2. Differences in how linking and backlinks behave

Obsidian treats internal links like citizens. You drop [[this note]] into a file and it instantly becomes a connection. Click it, you’re there. There’s also a real-time backlink pane, so you can just see how everything hooks together without building anything else.

Notion technically has backlinks now, but it’s more of a cosmetic feature. It’s inconsistent. For example, if you link to a Notion database row (not a full page), the backlink doesn’t always trigger — especially if you’re using @mentions. I spent 30 minutes wondering why a particular reference wasn’t showing in my backlinks and eventually realized I had pasted a URL instead of using the internal page search. The behavior between @mentions and URL-pastes is different but not documented anywhere, which feels like a trap.

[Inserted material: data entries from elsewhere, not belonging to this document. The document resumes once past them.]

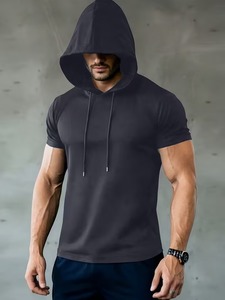 Camiseta con Capucha para Hombre, Corte Ajustado, Negra, 100% Poliéster, Transpirable, Informal, para Verano - Product Image 1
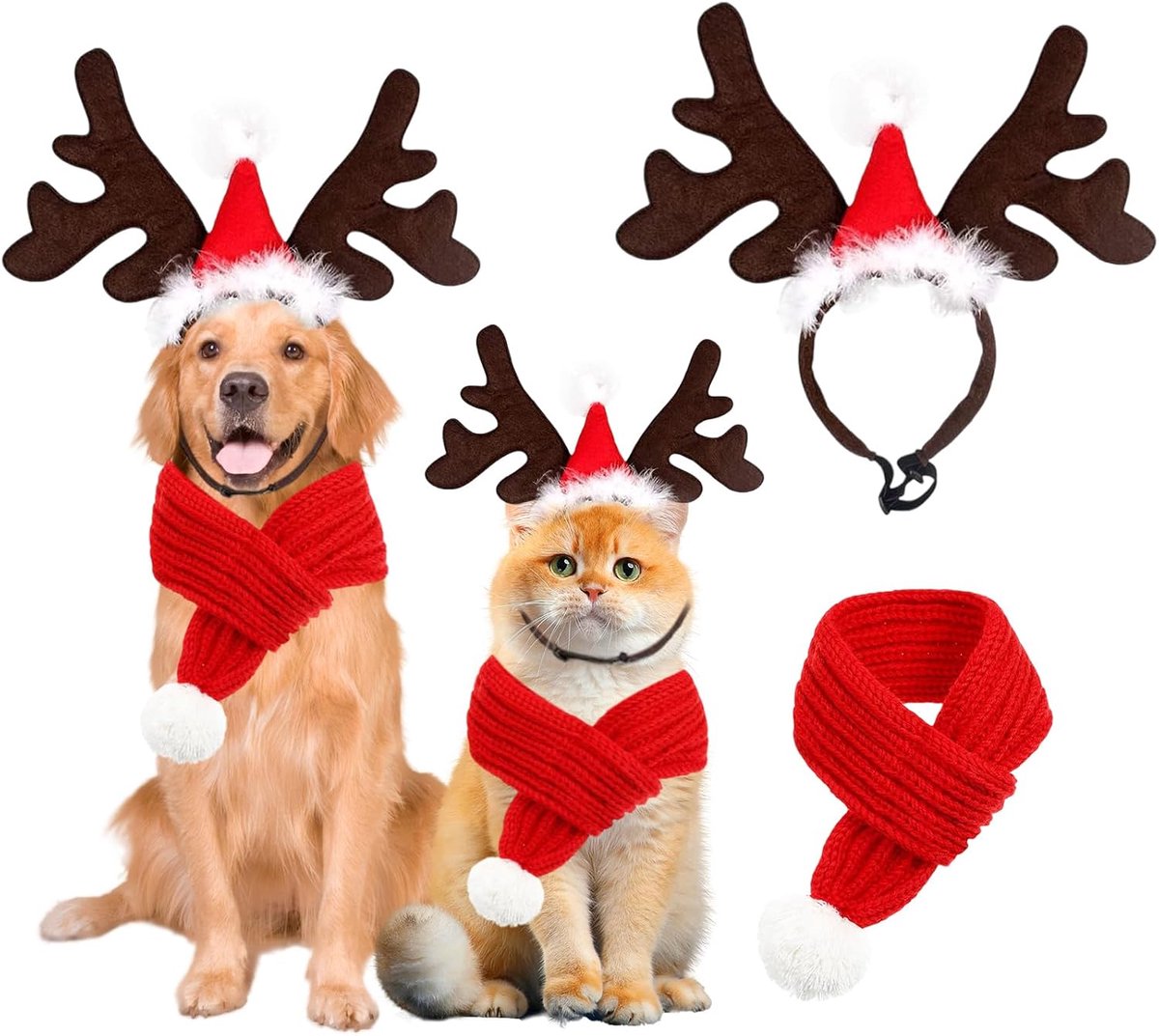 huisdier hoofdband, Kerstmis rendiergewei hond met kerstmanmuts, met sjaal, hondenkerstkostuum kerstfeest (S)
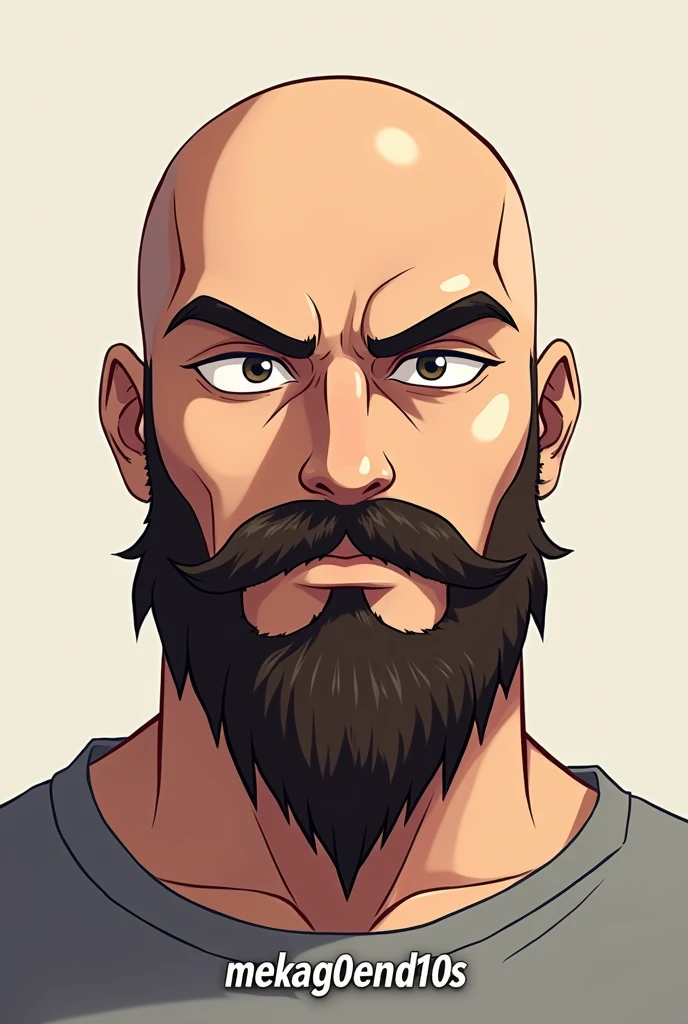 Bald avatar with anime style beard that says MEKAG0END10S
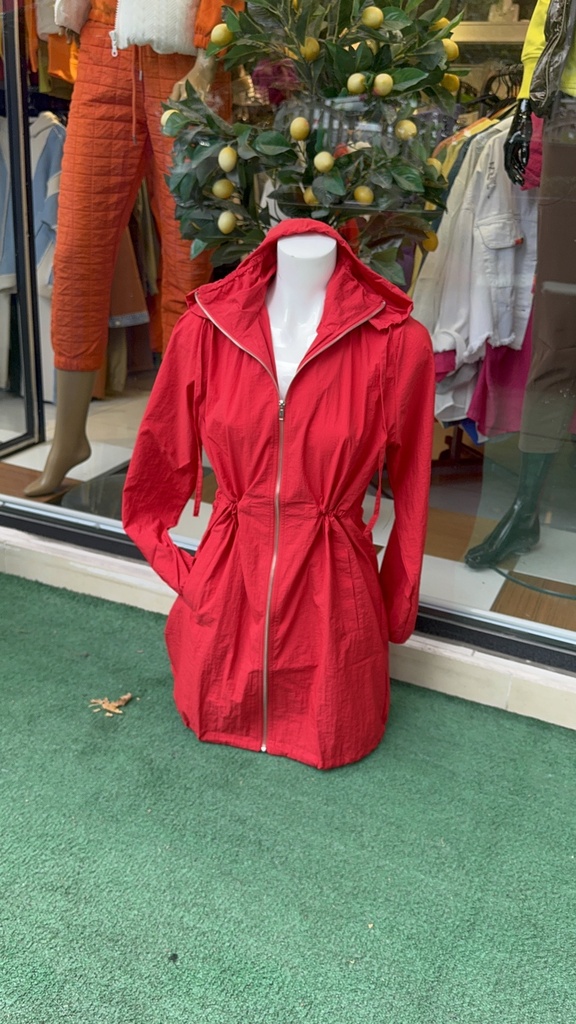 KIRMIZI YAĞMURLUK BEL BÜZGÜLÜ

Aha moment: In Obsidian, even broken links are treated as valid nodes. That turns out to be great for roadmapping projects. If I have an idea, I can just link to a note that doesn’t exist yet, and it’ll show up in graph view as a stub. In Notion, that same workflow requires creating an empty page or putting a fake entry in a database just to anchor it.

3. Real-time collaboration limits and sharing overhead

Notion wins here if you’re a team. Real-time updates feel Google Docs-level fast, and I’ve seen multiple people edit the same database without wrecking things. You also get granular share settings, so you can give view-only access to clients or create templates for public use.

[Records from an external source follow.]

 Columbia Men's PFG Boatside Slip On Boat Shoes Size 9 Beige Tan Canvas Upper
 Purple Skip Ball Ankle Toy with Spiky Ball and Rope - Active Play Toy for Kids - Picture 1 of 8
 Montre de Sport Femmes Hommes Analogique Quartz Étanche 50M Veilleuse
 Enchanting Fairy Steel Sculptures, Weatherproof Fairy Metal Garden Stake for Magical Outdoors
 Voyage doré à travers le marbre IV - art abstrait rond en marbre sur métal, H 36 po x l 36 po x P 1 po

Obsidian is a black hole on this. You can use Obsidian Sync if you’re paying, or try to hack it via Dropbox or Git — but it’s still a single-user setup disguised as multi-device. Every time I tried to get my VA to work from the same vault, we’d step on each other’s config.json or plugin folders. I finally gave up after the third time she installed a plugin that broke my CSS theme for no reason.

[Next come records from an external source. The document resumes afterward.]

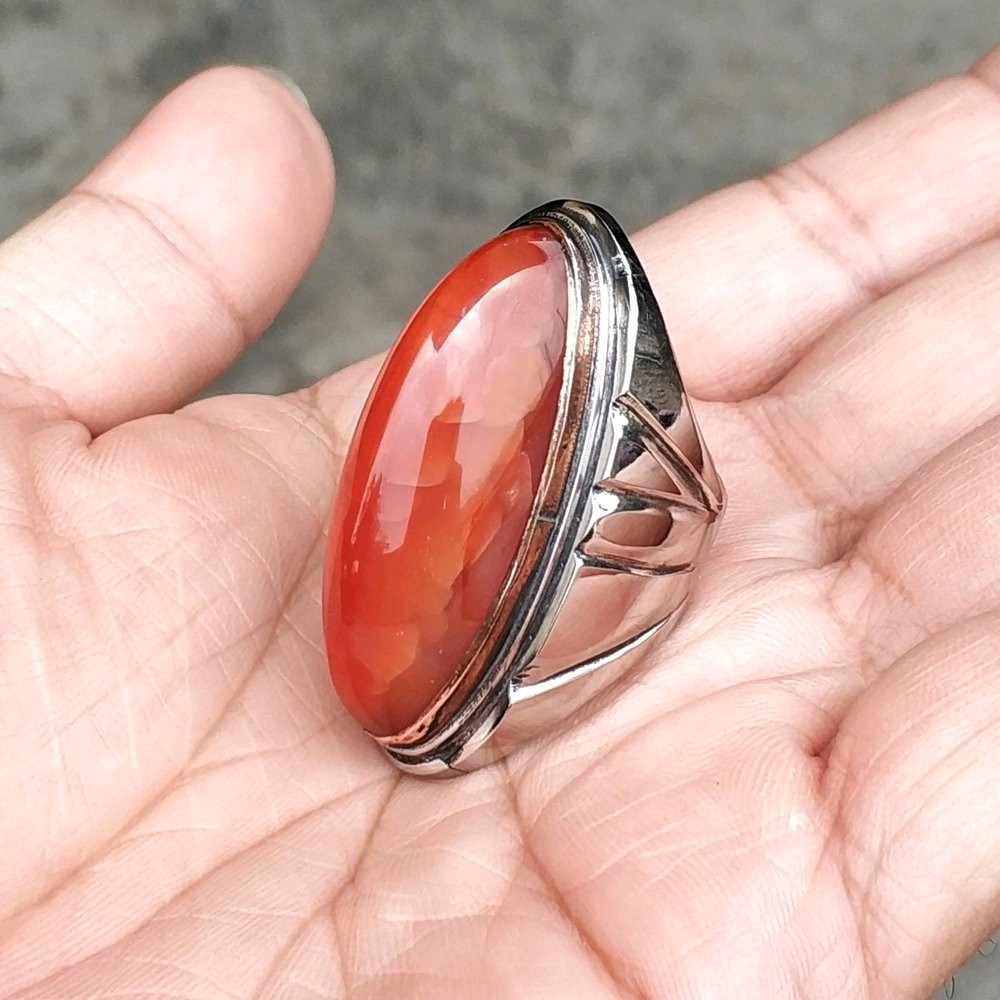 CINCIN BATU AKIK NATURAL PANDAN MERAH NANAS SISIK BETOK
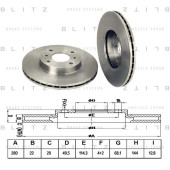 Диск тормозной <b>BLITZ BS0142</b>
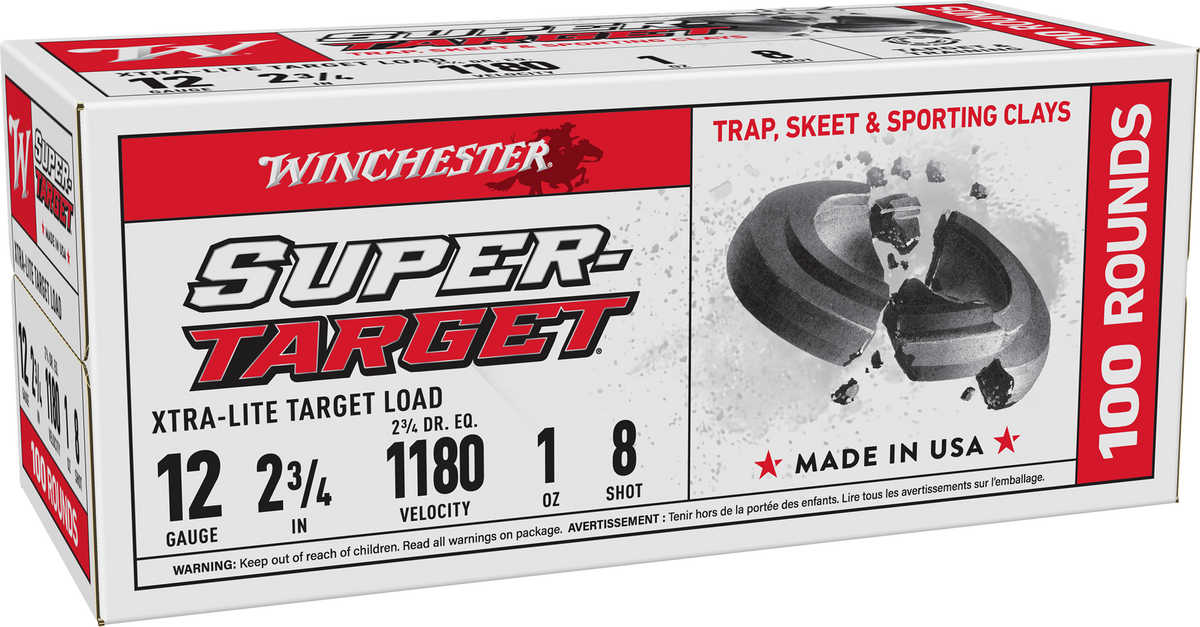 Winchester Ammo Super-Target Xtra-Lite 12 Gauge 2.75" 1 oz #8 Shot 100 Rd - Box or Case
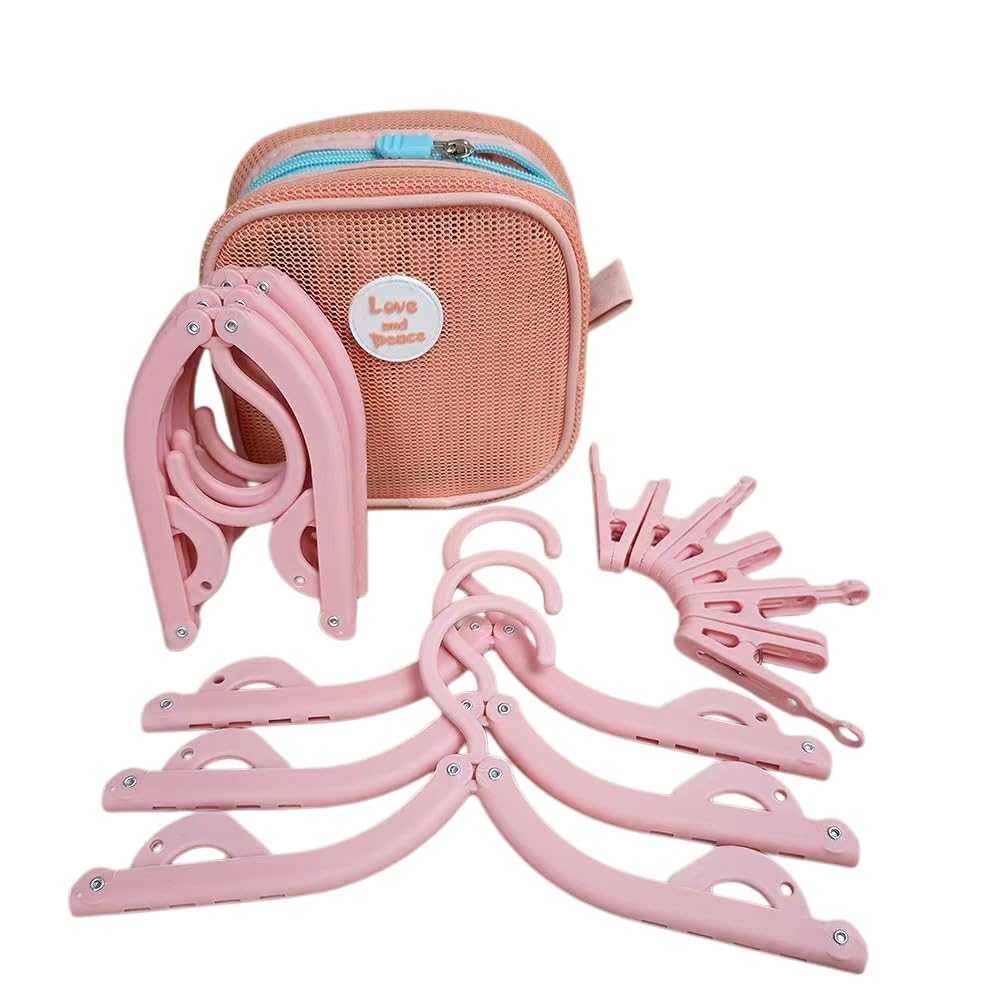 Séchoir pliant de voyage — Convient pour les voyages/déplacements professionnels, le rangement à domicile, en plein air/dortoir ainsi que pour les petits vêtements (rose)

  • Collaborating in Obsidian requires shared vault sync plus careful control of folder structure
  • Notion lets you mention a person in a comment, which triggers real notifications
  • Obsidian has no permissions model — it’s all or nothing
  • Trying to “share” in Obsidian often ends up with exporting Markdown and emailing it
  • Notion pages can embed Figma boards, tweets, and Google Drive files reliably
  • Obsidian needs community plugins for even basic embeds, and they’re hit-or-miss on updates

4. API and automation support across both platforms

This one caught me off guard. Notion has an official API, but it’s clunky. You can’t just “get all notes” — you have to traverse the page tree from a known page ID. Also, Notion’s database vs. page dichotomy feels arbitrary when you’re scripting. Simple things like “pull all pages updated in the last day” require more filtering logic than you’d think.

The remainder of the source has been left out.